### Task details
Everything from the line that has "ArtTeas® Melody styled" to the last line of the listing must be repeated exactly, and nothing more; omit the pictures.

### Available data
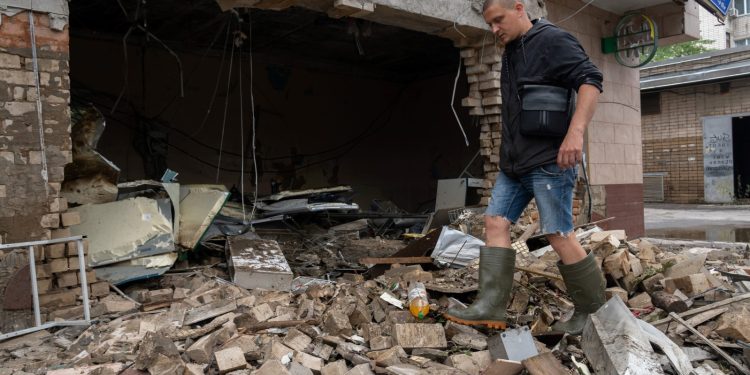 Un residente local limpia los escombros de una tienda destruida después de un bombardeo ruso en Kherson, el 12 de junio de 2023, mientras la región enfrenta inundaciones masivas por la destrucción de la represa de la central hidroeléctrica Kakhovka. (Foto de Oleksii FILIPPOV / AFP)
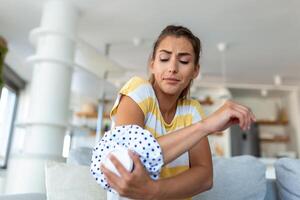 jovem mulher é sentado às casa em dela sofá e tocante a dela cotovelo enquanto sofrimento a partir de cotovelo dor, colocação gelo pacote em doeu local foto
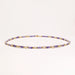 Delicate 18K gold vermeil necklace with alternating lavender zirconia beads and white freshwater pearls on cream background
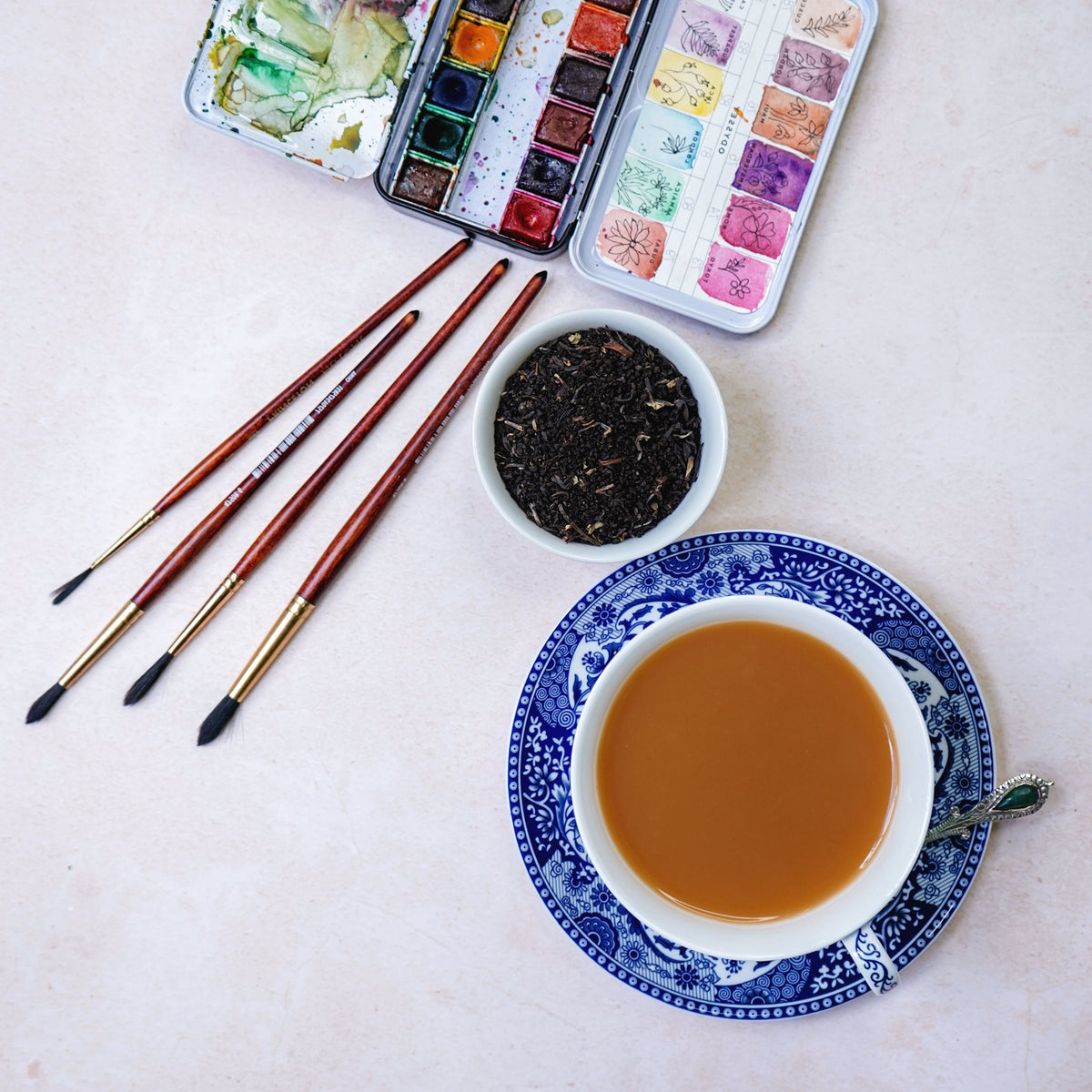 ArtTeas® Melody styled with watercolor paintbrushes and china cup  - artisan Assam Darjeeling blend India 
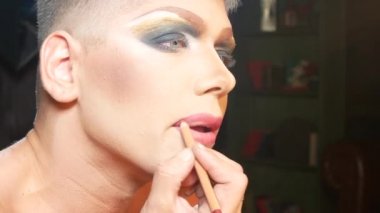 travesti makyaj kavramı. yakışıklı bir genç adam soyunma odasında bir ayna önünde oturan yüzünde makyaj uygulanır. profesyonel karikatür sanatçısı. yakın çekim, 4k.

### Result for this task
 ArtTeas® Melody styled with watercolor paintbrushes and china cup  - artisan Assam Darjeeling blend India 
 travesti makyaj kavramı. yakışıklı bir genç adam soyunma odasında bir ayna önünde oturan yüzünde makyaj uygulanır. profesyonel karikatür sanatçısı. yakın çekim, 4k.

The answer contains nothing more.